> _REQUIRED ACTION_: Exact reproduction of the listing is required. Pictures are not reproduced.

> _INFORMATION SUPPLIED_:
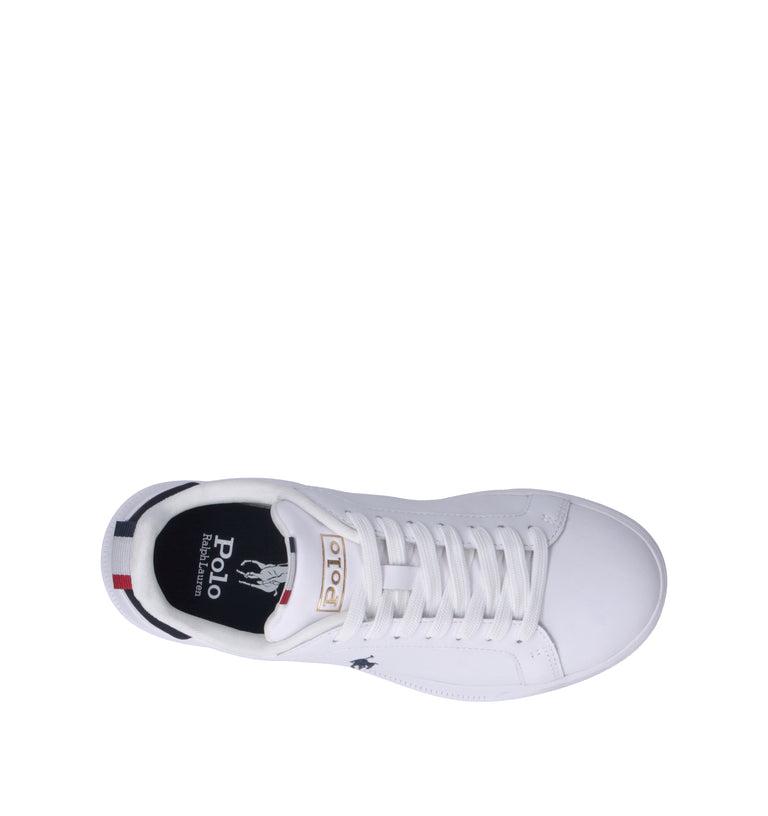 POLO RALPH LAUREN Sneaker donna bianca/blu in pelle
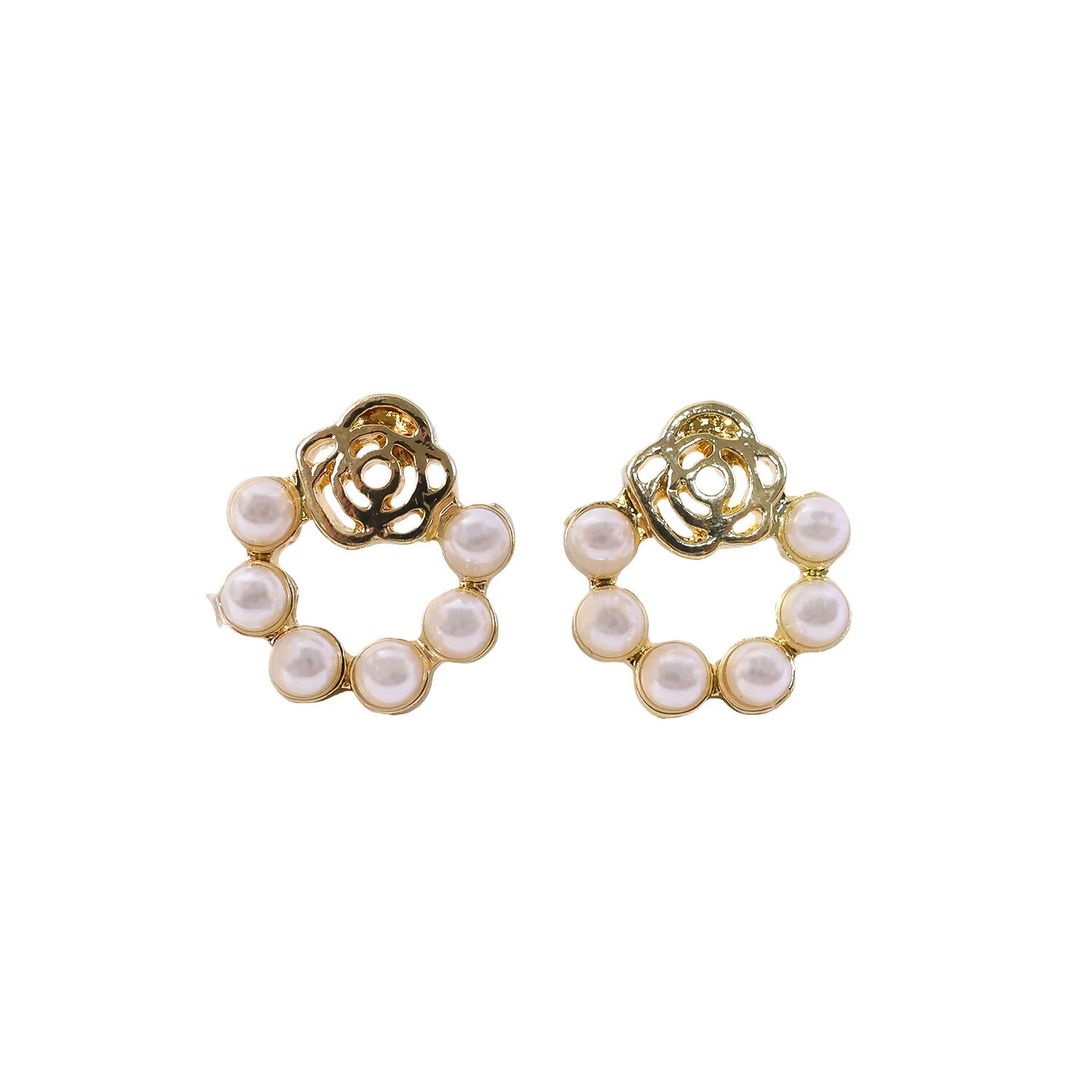Korean Rose-Garden Pearl Wreath Studs For Girls And Women - Image 5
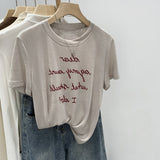 Lyselle Tiansi Fashion Letter Print Loose Round-Neck Short-Sleeved T-Shirt Women's Commuting Summer New Front Shoulder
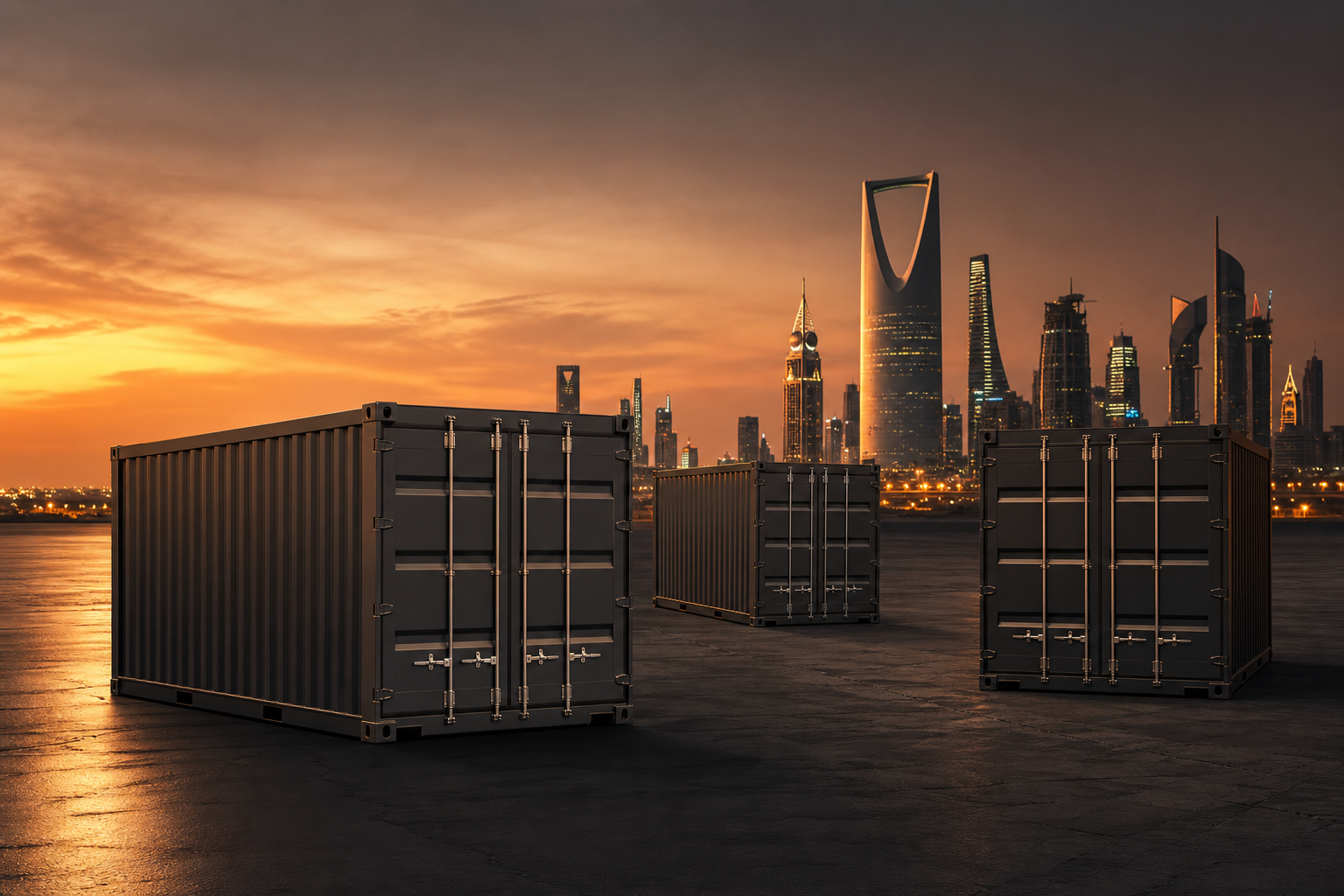 Cargo containers and a Saudi skyline at dusk with warm lighting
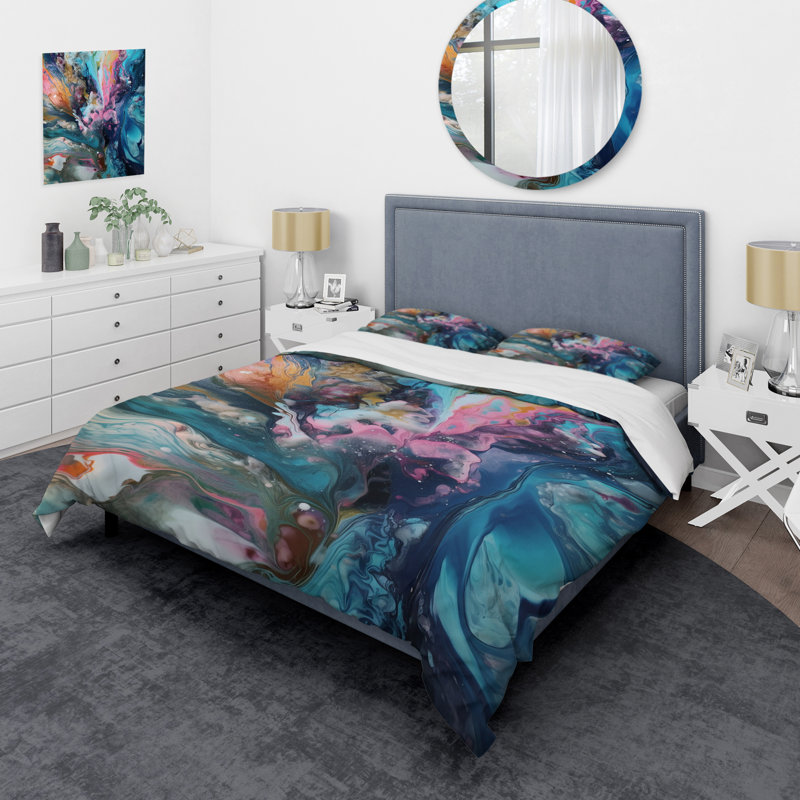 Ensemble de housse de couette Teal Pink Aqua Symphony Bedding, Housse de couette pour très grand lit et 2 très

> _SOLUTION TO THIS PROBLEM_:
 POLO RALPH LAUREN Sneaker donna bianca/blu in pelle
Korean Rose-Garden Pearl Wreath Studs For Girls And Women - Image 5
 Lyselle Tiansi Fashion Letter Print Loose Round-Neck Short-Sleeved T-Shirt Women's Commuting Summer New Front Shoulder
 Cargo containers and a Saudi skyline at dusk with warm lighting
 Ensemble de housse de couette Teal Pink Aqua Symphony Bedding, Housse de couette pour très grand lit et 2 très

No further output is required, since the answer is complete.